**What to produce:** Extract precisely the lines of the entries below, from the first line through the line containing "San Jamar Centerpull".
------------------------
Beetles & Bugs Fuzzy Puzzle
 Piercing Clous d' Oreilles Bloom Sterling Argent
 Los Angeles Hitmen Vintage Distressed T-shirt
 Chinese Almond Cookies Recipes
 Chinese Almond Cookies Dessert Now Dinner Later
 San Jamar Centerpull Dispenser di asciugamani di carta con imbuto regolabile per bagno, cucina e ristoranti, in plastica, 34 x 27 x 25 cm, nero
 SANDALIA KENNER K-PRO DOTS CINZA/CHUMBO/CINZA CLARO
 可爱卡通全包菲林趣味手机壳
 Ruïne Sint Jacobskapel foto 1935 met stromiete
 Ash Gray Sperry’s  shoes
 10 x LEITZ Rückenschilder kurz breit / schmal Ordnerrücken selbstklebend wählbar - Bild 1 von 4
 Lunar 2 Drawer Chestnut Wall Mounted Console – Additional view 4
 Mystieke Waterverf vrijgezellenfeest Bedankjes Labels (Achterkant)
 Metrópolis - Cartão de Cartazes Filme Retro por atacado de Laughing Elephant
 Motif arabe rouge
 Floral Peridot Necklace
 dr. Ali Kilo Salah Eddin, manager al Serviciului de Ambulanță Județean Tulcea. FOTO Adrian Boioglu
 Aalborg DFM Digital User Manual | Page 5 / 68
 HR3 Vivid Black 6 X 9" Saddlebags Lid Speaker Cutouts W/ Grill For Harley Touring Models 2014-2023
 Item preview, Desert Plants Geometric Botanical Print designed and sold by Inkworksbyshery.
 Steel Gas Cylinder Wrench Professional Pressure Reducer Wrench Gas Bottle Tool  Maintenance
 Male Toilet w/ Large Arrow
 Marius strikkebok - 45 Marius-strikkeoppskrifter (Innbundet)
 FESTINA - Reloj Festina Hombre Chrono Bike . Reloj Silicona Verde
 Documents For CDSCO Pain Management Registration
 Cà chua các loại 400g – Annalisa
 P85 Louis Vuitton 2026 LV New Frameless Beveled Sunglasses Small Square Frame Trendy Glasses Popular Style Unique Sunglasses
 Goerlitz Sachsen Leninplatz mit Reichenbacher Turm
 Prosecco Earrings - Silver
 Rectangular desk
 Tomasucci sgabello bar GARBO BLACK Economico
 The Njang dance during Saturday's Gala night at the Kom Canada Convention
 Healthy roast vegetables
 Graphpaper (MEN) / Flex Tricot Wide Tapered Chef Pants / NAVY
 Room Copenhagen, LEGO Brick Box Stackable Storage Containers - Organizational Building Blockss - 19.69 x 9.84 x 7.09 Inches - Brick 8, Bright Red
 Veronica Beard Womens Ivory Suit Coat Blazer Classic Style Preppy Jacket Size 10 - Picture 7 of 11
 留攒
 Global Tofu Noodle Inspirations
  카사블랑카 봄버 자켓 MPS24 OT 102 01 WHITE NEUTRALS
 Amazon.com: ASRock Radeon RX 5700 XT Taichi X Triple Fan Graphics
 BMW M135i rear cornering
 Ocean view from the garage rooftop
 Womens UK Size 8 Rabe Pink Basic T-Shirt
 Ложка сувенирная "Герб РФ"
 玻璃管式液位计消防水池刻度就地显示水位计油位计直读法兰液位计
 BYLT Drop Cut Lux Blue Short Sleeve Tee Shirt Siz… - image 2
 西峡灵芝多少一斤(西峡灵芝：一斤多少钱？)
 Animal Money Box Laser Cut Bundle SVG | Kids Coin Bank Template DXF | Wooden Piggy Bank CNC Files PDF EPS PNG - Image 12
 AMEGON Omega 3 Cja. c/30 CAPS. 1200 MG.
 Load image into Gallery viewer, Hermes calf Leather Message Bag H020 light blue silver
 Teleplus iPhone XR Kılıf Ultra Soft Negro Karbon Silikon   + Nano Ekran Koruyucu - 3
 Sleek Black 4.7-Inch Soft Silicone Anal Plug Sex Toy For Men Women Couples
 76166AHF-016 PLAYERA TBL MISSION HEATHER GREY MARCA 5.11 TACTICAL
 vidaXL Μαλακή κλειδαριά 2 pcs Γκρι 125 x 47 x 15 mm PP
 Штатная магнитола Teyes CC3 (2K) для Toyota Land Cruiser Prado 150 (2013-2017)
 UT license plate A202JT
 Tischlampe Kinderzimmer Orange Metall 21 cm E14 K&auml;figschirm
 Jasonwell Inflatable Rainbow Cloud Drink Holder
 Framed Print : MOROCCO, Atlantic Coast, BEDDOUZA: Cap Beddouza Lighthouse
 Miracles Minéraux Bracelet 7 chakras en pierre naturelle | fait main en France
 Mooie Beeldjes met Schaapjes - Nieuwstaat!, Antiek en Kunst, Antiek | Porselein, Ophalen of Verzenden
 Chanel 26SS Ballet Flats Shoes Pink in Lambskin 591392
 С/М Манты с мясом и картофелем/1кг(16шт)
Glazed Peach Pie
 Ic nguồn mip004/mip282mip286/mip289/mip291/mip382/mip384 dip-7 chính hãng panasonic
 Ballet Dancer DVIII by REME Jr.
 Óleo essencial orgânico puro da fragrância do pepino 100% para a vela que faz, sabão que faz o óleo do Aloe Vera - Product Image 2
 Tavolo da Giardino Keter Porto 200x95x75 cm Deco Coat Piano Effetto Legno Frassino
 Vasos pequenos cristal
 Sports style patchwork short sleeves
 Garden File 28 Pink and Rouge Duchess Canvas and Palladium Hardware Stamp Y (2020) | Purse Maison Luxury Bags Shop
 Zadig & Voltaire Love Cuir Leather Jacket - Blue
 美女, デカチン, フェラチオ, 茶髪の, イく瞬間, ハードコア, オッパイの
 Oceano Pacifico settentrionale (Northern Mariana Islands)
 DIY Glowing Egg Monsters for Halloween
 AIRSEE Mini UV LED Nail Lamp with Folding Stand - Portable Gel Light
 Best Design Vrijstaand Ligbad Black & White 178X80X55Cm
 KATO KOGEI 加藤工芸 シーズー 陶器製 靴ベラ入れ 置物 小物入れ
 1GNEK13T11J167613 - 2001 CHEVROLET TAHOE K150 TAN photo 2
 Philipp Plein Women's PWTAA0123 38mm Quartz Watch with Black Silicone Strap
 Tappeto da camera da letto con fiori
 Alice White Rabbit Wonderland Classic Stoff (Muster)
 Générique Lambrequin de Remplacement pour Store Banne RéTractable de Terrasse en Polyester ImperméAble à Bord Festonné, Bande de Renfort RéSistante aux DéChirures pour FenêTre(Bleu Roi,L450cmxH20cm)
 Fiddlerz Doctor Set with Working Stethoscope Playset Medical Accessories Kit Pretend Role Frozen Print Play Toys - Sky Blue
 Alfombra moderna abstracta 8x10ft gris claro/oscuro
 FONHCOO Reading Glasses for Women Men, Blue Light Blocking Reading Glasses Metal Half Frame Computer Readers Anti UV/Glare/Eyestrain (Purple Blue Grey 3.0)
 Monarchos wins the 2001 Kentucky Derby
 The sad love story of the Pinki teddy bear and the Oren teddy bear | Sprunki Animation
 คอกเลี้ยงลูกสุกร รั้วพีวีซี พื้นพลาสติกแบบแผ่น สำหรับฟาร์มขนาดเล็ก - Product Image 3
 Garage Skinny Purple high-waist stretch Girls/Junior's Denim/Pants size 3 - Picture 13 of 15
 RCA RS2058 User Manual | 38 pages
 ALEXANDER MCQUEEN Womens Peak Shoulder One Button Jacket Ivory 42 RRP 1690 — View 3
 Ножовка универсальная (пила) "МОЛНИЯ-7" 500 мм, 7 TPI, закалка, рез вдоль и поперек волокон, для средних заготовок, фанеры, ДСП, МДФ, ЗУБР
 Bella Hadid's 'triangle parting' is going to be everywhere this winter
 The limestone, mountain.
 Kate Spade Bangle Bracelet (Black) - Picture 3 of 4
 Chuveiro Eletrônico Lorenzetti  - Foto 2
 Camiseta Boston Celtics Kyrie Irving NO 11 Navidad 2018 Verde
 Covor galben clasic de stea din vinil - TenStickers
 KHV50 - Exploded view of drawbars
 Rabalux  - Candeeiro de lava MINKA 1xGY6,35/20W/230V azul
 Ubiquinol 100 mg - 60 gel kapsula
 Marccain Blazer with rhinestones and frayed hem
------------------------
**Reply to the task:**
Beetles & Bugs Fuzzy Puzzle
 Piercing Clous d' Oreilles Bloom Sterling Argent
 Los Angeles Hitmen Vintage Distressed T-shirt
 Chinese Almond Cookies Recipes
 Chinese Almond Cookies Dessert Now Dinner Later
 San Jamar Centerpull Dispenser di asciugamani di carta con imbuto regolabile per bagno, cucina e ristoranti, in plastica, 34 x 27 x 25 cm, nero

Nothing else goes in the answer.